= Collection entries =
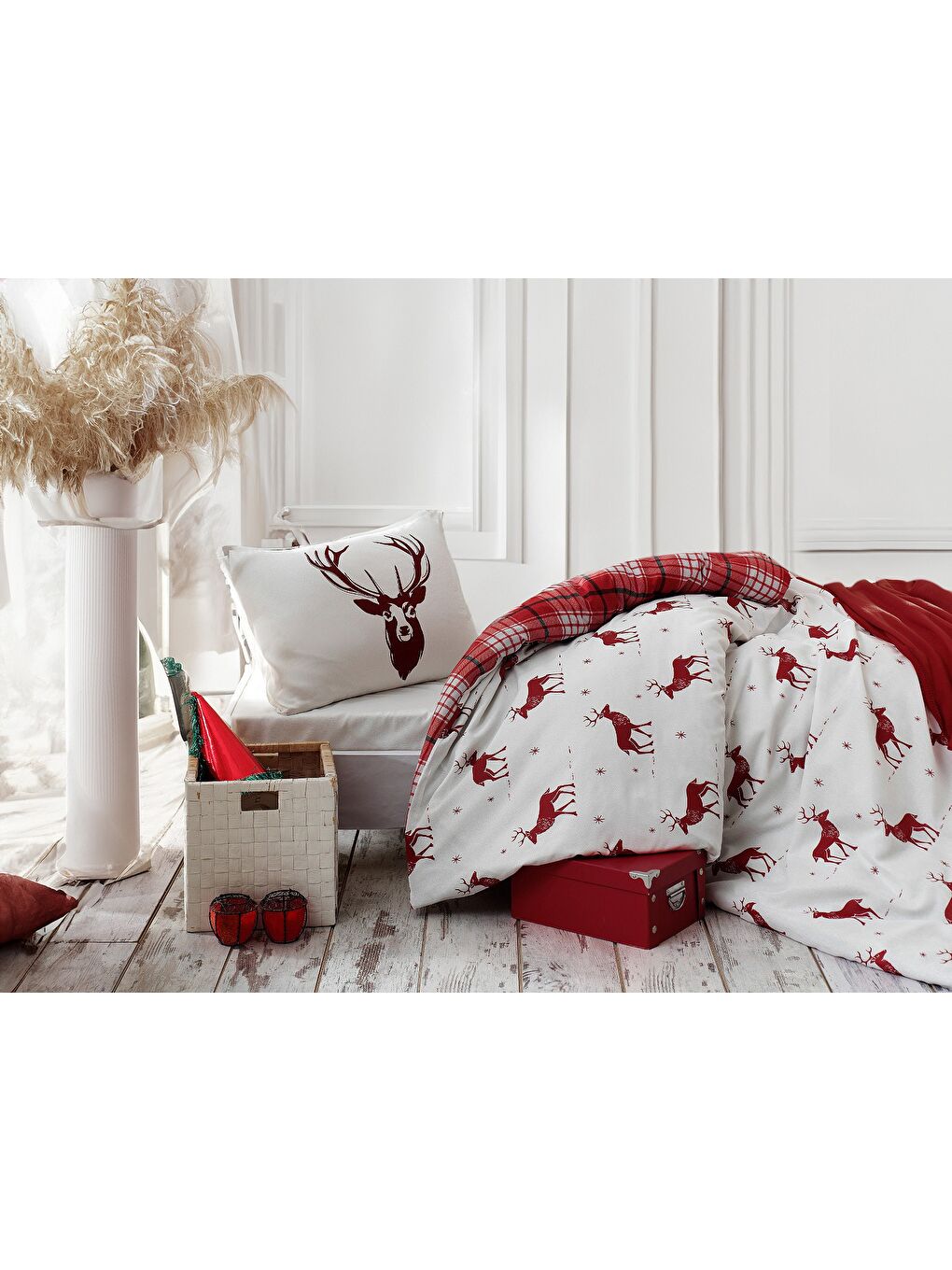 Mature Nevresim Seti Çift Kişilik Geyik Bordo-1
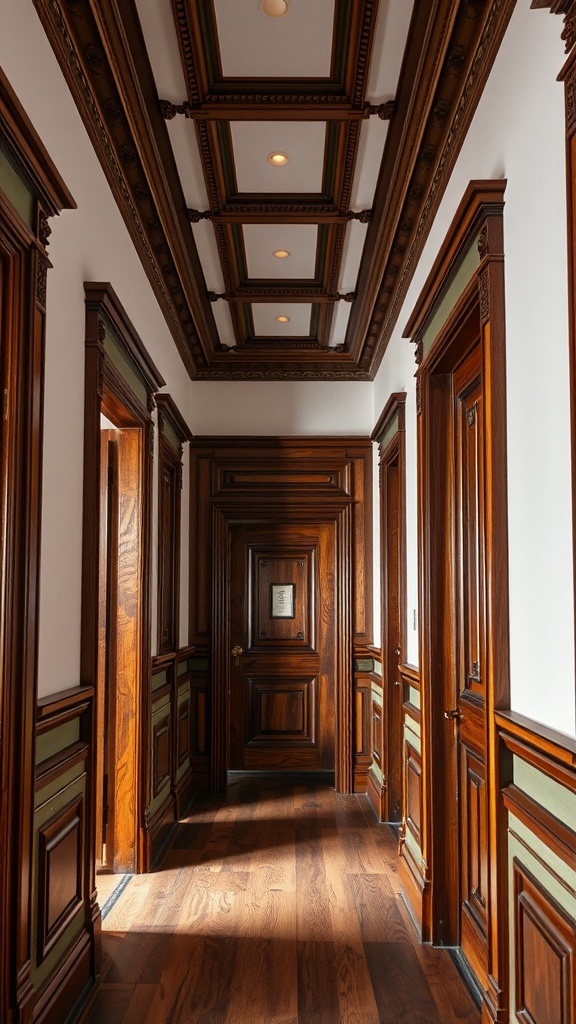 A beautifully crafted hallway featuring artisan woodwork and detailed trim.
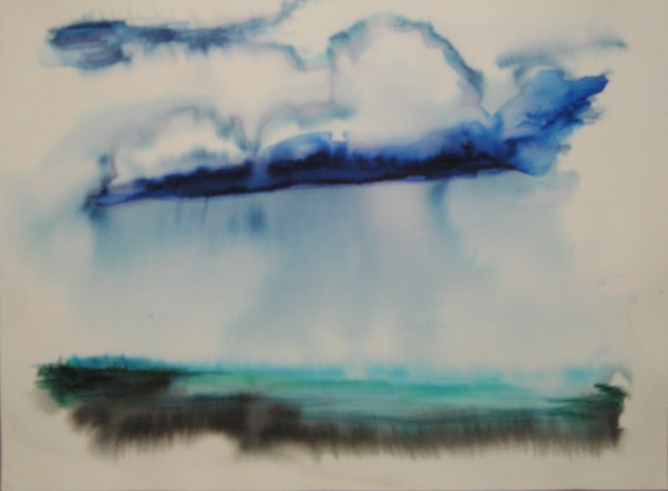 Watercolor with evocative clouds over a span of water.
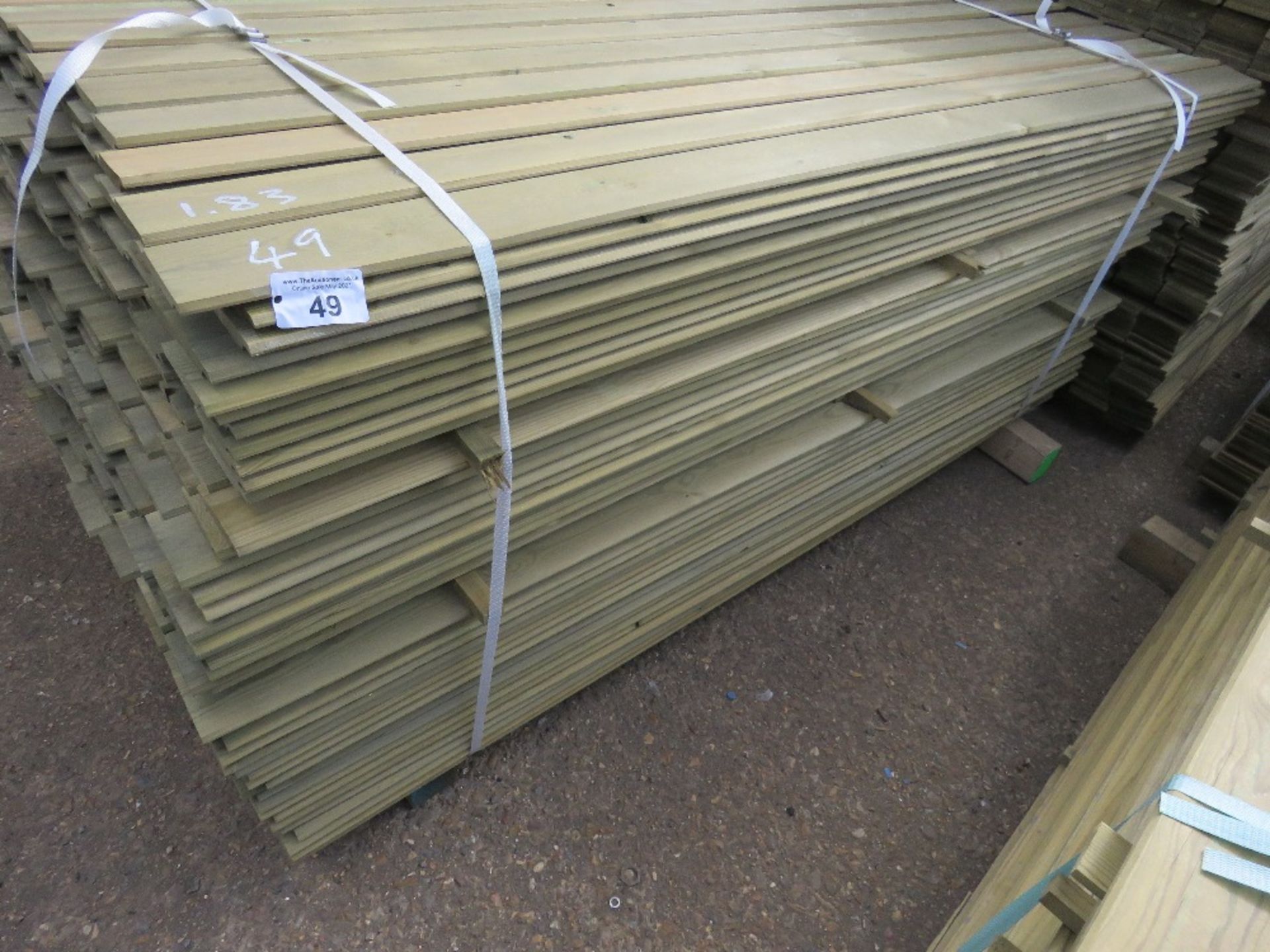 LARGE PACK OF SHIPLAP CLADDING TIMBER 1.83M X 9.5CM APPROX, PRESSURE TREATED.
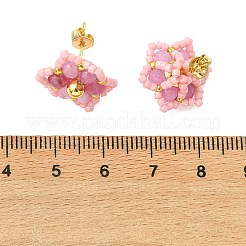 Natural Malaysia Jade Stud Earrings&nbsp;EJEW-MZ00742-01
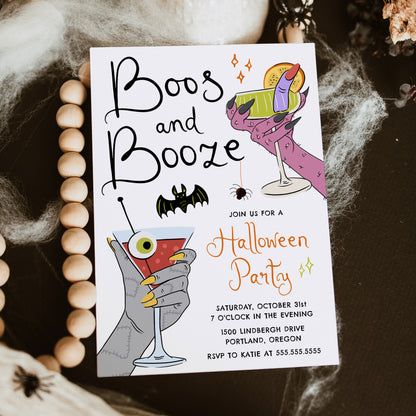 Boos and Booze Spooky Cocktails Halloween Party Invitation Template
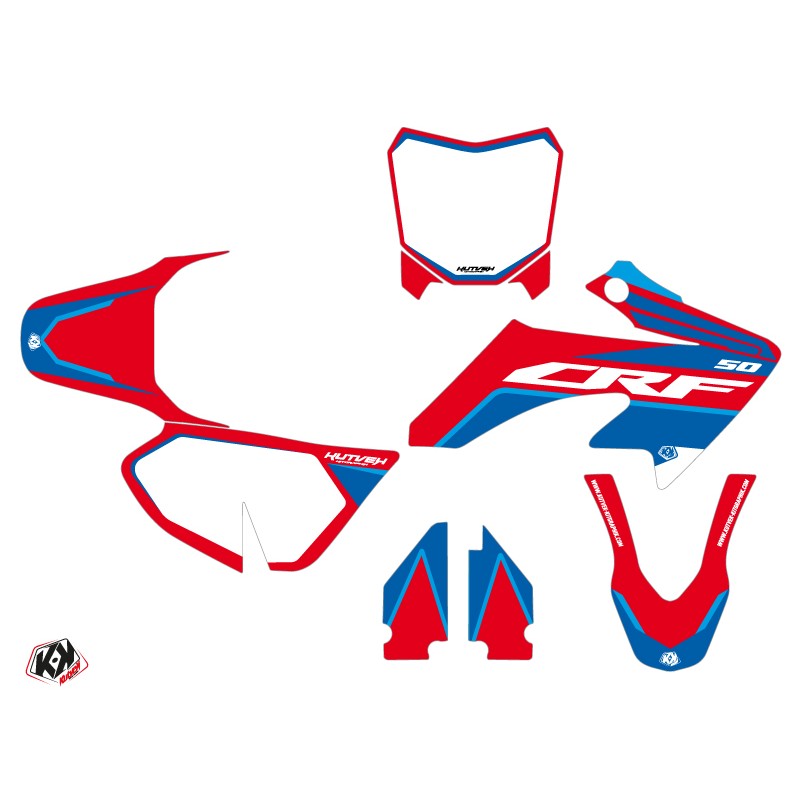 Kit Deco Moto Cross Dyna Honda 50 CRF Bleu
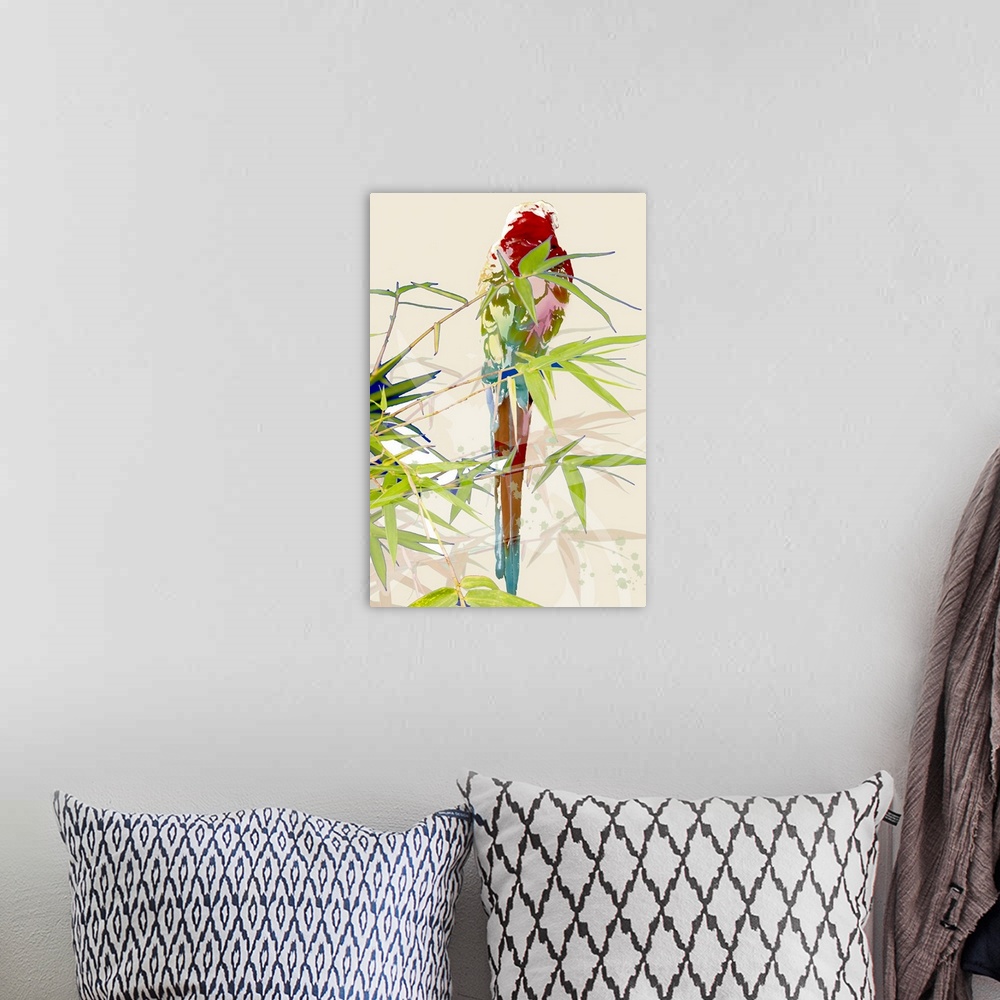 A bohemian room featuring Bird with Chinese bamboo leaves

= Instructions for the task =
Print once more, exactly, the lines that start at the top of the records above and end at the line with "Kit Deco Moto Cross Dyna Honda 50 CRF Bleu", skipping all pictures.

= Written response =
 Mature Nevresim Seti Çift Kişilik Geyik Bordo-1
 A beautifully crafted hallway featuring artisan woodwork and detailed trim.
 Watercolor with evocative clouds over a span of water.
 LARGE PACK OF SHIPLAP CLADDING TIMBER 1.83M X 9.5CM APPROX, PRESSURE TREATED.
 Natural Malaysia Jade Stud Earrings&nbsp;EJEW-MZ00742-01
 Boos and Booze Spooky Cocktails Halloween Party Invitation Template
 Kit Deco Moto Cross Dyna Honda 50 CRF Bleu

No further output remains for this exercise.